Reproducible Data Workflows With Drake

Education

A gentle introduction to reproducible data workflows with the {drake} package.

Author

Garrick Aden-Buie

Published

July 19, 2019

drake is an R package that provides a powerful, flexible workflow management tool for reproducible data analysis pipelines. drake alleviates the pain of managing large (and even small) data analyses, speeding up iteration and development while providing reproducibility guarantees that are essential for modern research.

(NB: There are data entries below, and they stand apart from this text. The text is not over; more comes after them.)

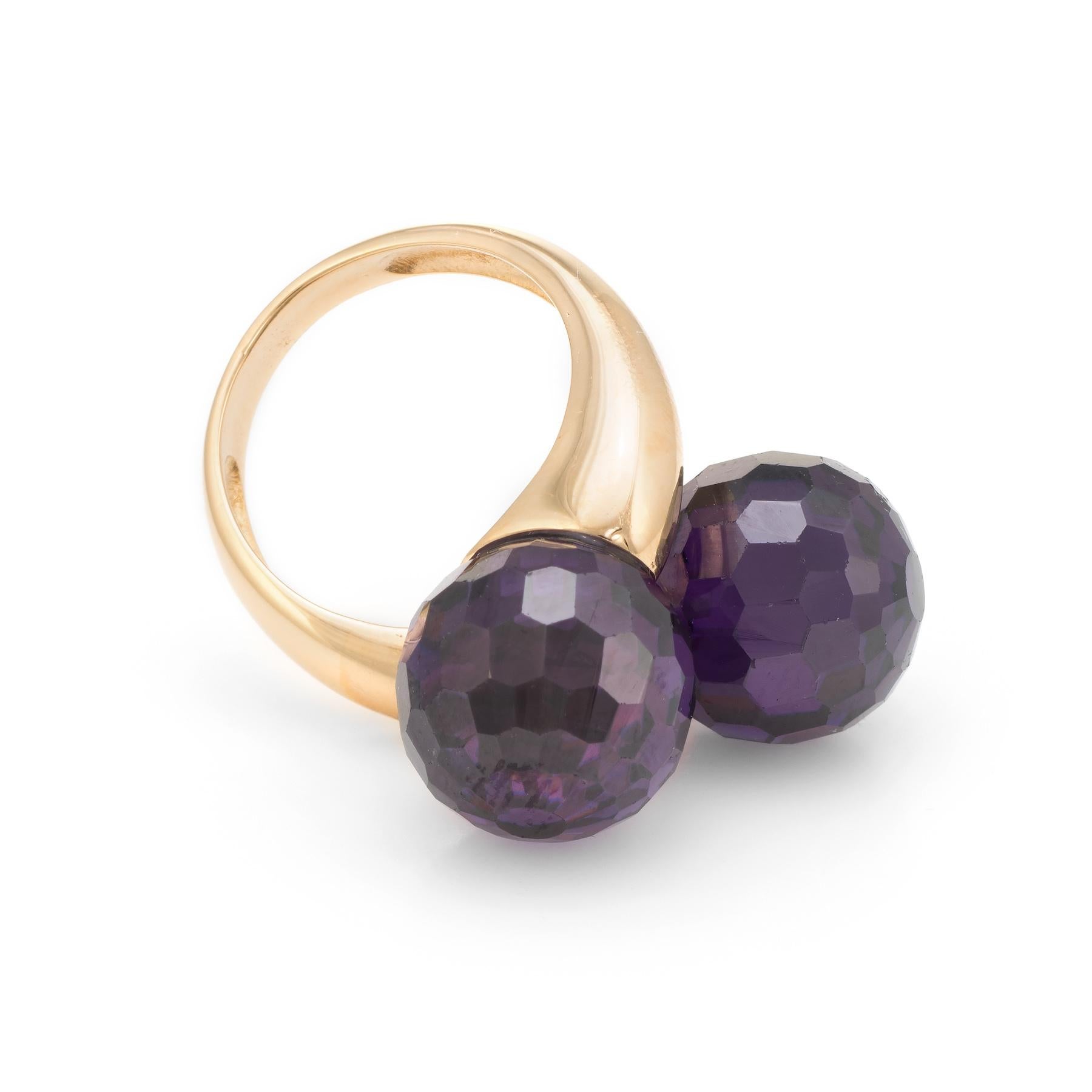 Elegant estate bypass ring, crafted in 18 karat yellow gold. 

Checkerboard faceted amethyst orbs each measure 12mm. The amethyst is in excellent condition and free of cracks or chips.   

The amethysts are set in a 'Moi et Toi' design, a French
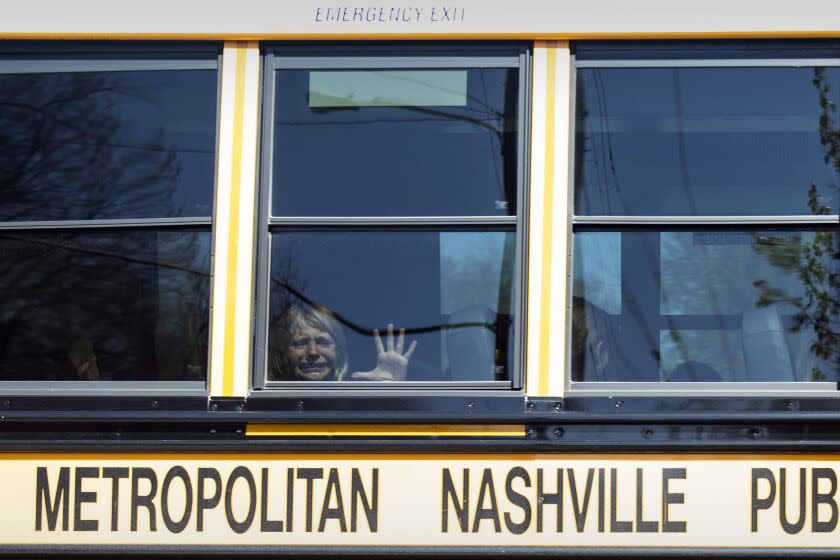 A child weeps while on the bus leaving The Covenant School following a mass shooting at the school in Nashville, Tenn., Monday, March 27, 2023. (Nicole Hester/The Tennessean via AP)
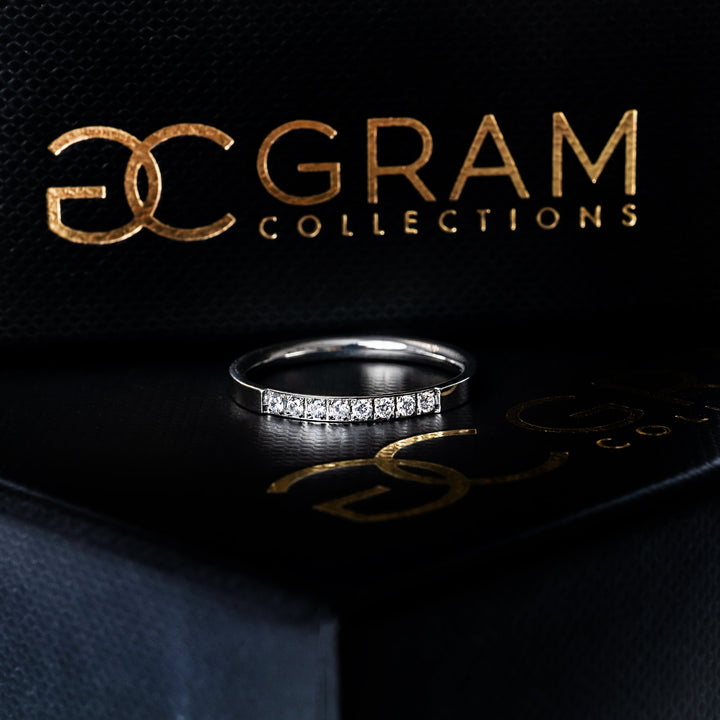 an Paula Silver Ring standing in the center of the image, while placed on its box. 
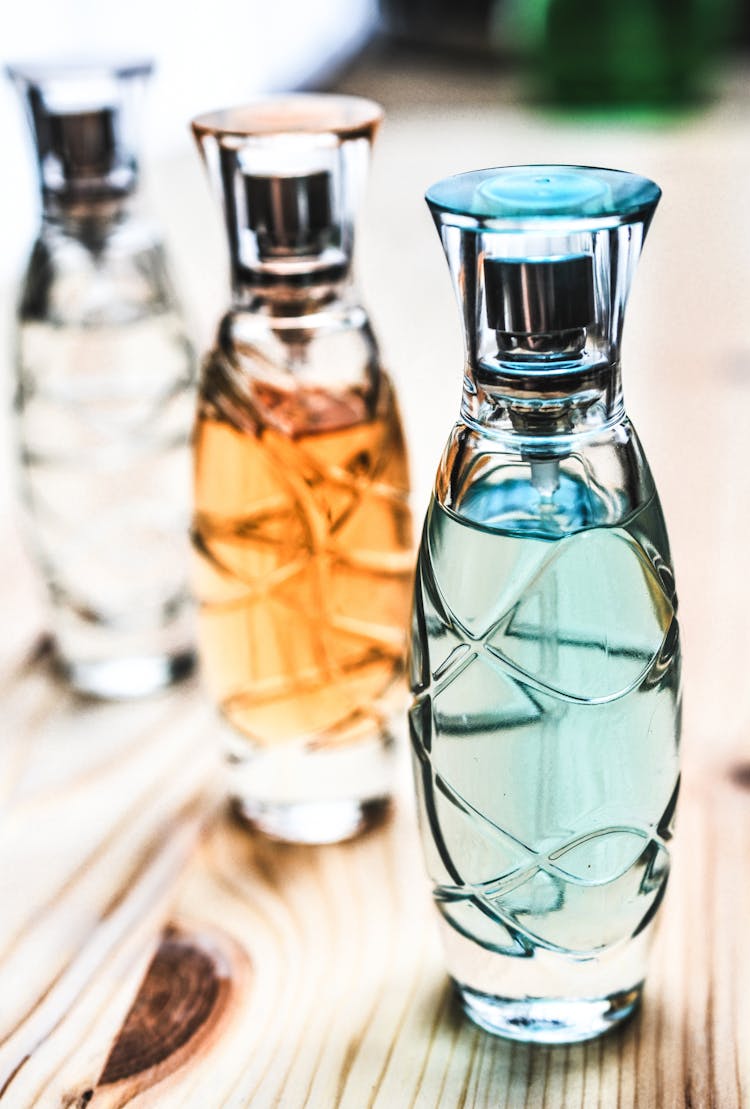 Three Assorted Clear Glass Perfume Spray Bottles On Brown Wooden Surface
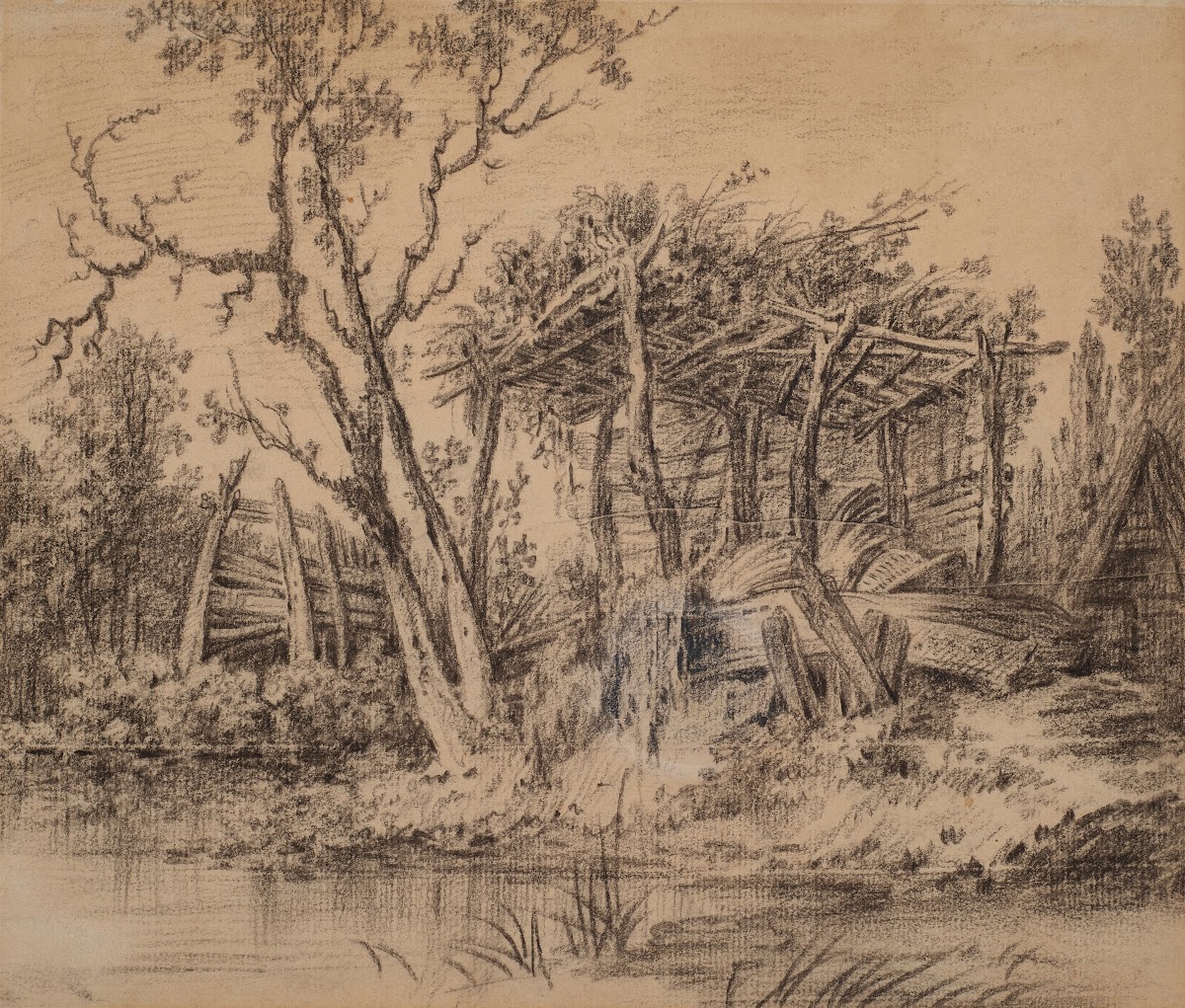 A wooden shelter in picturesque decay by a river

https://ropensci.github.io/drake/

In this session, we’ll learn how to use drake to manage a data analysis workflow by writing functions that define the steps of the analysis. We’ll then learn how drake can keep track of all of these steps, from start to finish, and intelligently update only the outdated steps when your data or code change.

Meeting prerequisites

We’ll work through a few examples together, so please bring a laptop with the drake and visNetwork packages installed. (If you don’t have a laptop you can share with someone who does at the session.) You would also benefit from installing the tidyverse package for the session. See the full requirements here.

required_packages <- c(
  # "tidyverse",  #<< For data processing, etc. (you probably have this)
  "here",         #<< For sane path management
  "cowplot",      #<< For composing ggplot2 plots
  "visNetwork",   #<< For visualizing drake plans
  "drake"         #<< Because drake
)

install.packages(required_packages)

Note: if you’ve used drake before, please ensure that you have version 7.0.0 or later installed.

Meeting materials

The slides from this talk are available online at https://pkg.garrickadenbuie.com/drake-intro/ and the drake source code and RStudio project are in available on GitHub at https://github.com/gadenbuie/drake-intro. There is also an RStudio Cloud project containing the drake project with all of the required dependencies pre-installed that you can use to explore and run the code from the talk.